Jody Farhat, Chief of the Missouri River Basin Water Management Division of the Northwestern Division of the U.S. Army Corps of Engineers, testified Wednesday in St. Joseph, MO. before the Committee on Small Business of the United States House of Representatives, chaired by Missouri Congressman Sam Graves on “Missouri River Management: Does it Meet the Needs of Small Business?
Excerpts of her Testimony follow:
The Corps strongly supports small businesses in the work we do on the river, both for repair and maintenance of the Corps facilities and construction activities required by the Missouri River Recovery Program. Because the greatest portion of this work and our offices are in rural areas, small businesses benefit.
Stakeholder participation in the Missouri River Recovery Program is essential in order to ensure that public values are incorporated into the decision process. To that end, the Missouri River Recovery Implementation Committee is comprised of a diverse group of advisory stakeholders. Ms. Farhat testified that The Missouri River Mainstem Reservoir System is comprised of six dam and reservoir projects; hydroelectric power plants; levees (both federal and non-federal); and a 735-mile navigation channel extending from Sioux City, Iowa to the mouth near St. Louis, Missouri.

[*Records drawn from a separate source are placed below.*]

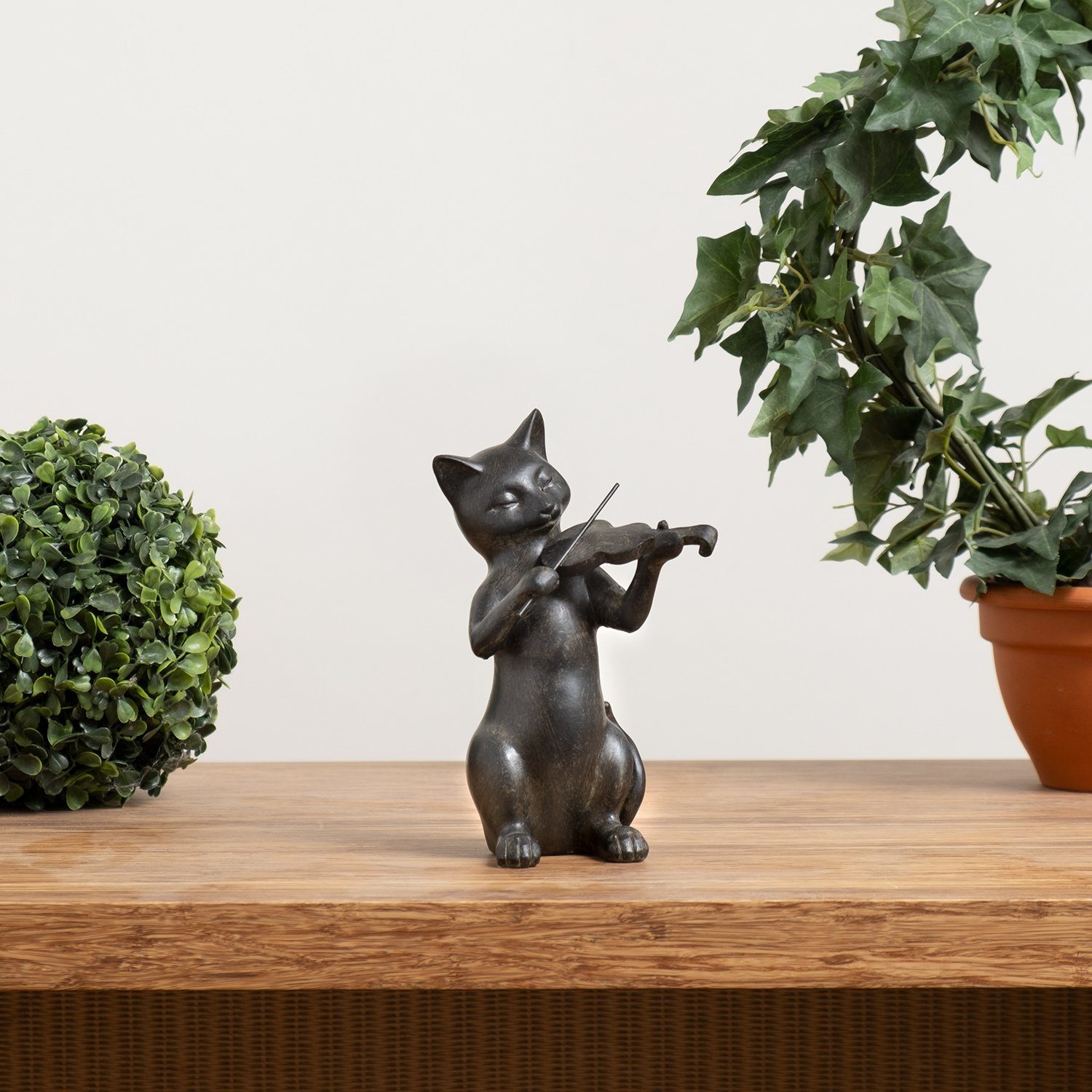 Moritz Dekofigur Figuren Musikinstrument, aus Katze Dekoelement Dekofigur Polyresin Deko-Figur Dekoration schwarz Geige Polyresin aus spielt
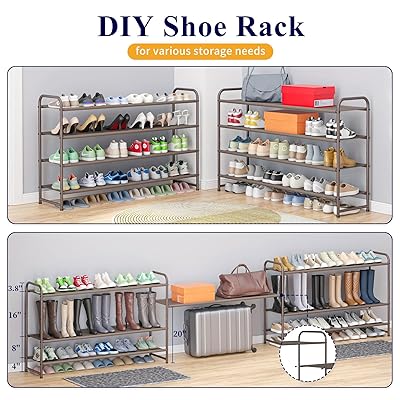Kitsure Shoe Rack for Entryway - Sturdy & Durable Long Stackable Shoe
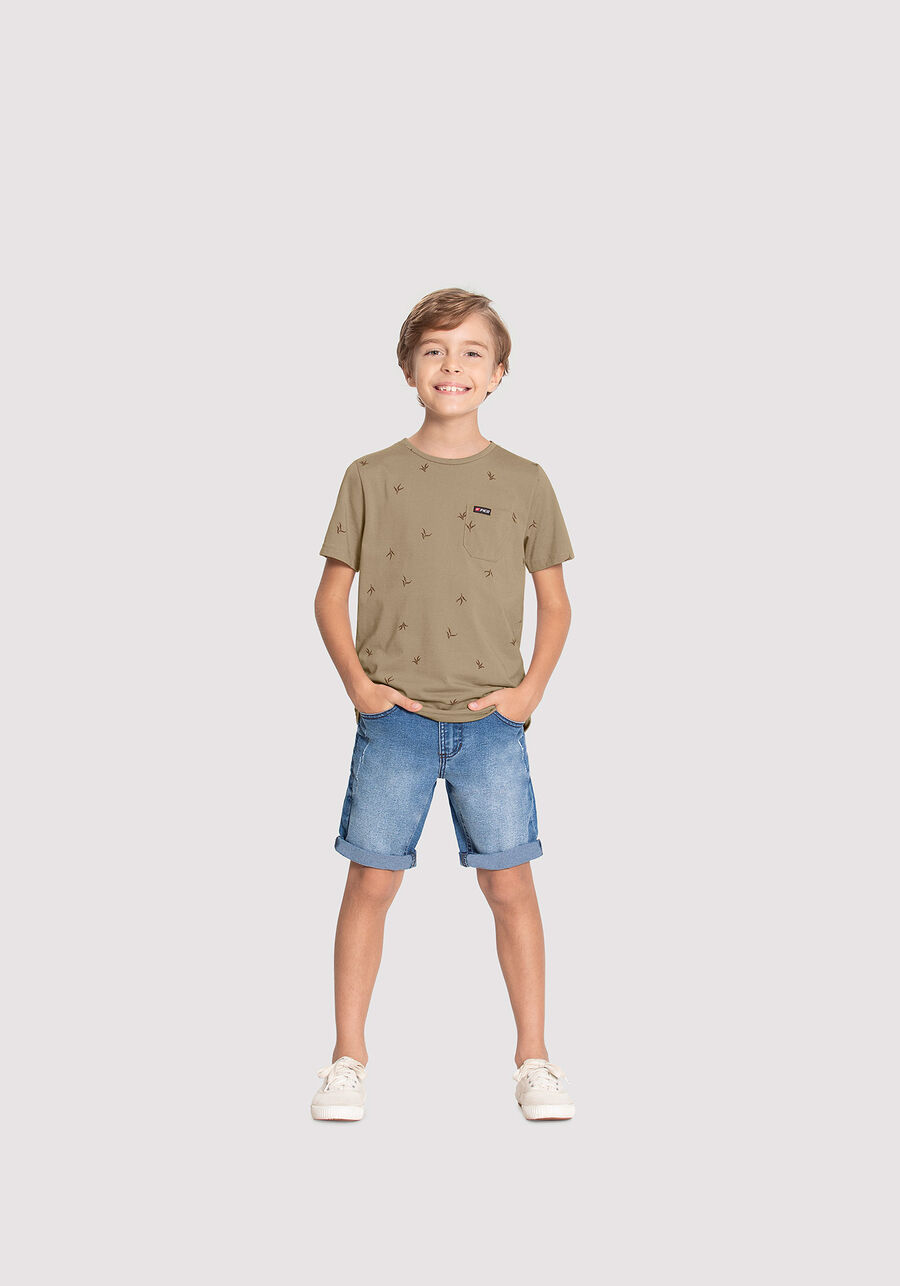 Camiseta Infantil Estampada com Bolso, TROPICAL MARROM, large.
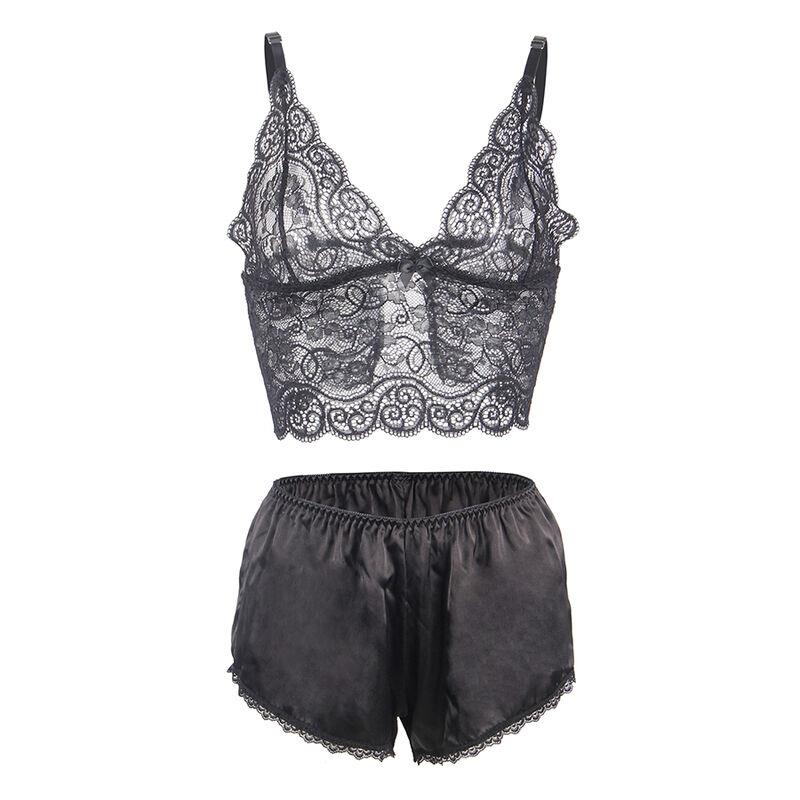953928 SVILA I ČIPKA NOĆNA HALJINA + GAĆICE CRNA L/XL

The Corps is charged with responsibly managing this complex system for eight authorized purposes: flood control, navigation, irrigation, hydropower, water quality control, water supply, recreation, and fish and wildlife enhancement. In addition, operation of the System must also comply with other applicable federal statutory and regulatory requirements, including the Endangered Species Act. All of the citizens we serve in the Missouri River Basin benefit in one or more ways from this system.
The reservoirs are designed to capture and store runoff from the upper Missouri River Basin in the spring of the year providing flood protection for over two million acres of land in the floodplain.
The Corps does not store water in the reservoirs specifically for the endangered and threatened species and the Master Manual storage allocations were not altered to facilitate the spring pulses.
Implementation of the Missouri River Recovery Program allows the Corps to meet the requirements of the 2003 Biological Opinion while serving all eight authorized purposes.
The Corps remains committed to operating the Mainstem System to serve the authorized project purposes, in a way that balances the competing needs of the Basin and meets our responsibilities under the law.
In addition to Farhat’s testimony, the Corps asserts:
Flood control and navigation are the dominant authorized purposes.
Since 1912, USACE has invested approximately $35 Billion for flood control, hydropower, and navigation through the implementation of the mainstem reservoirs and BSNP.USACE now maintains the system at a cost of approximately $110 Million annually, while concurrently implementing the recovery program. Average annual funding for the recovery program is approximately $67 million.
USACE is embarking on a Management Plan to look into the science we have gathered with MRRP and Mitigations Projects. This is an opportunity to determine how to most effectively implement actions on the Missouri River to meet the requirements of BiOp compliance and balance the economic needs of the basin.
The Corps works closely with State agencies and Federal agencies to comply with all Federal and State laws.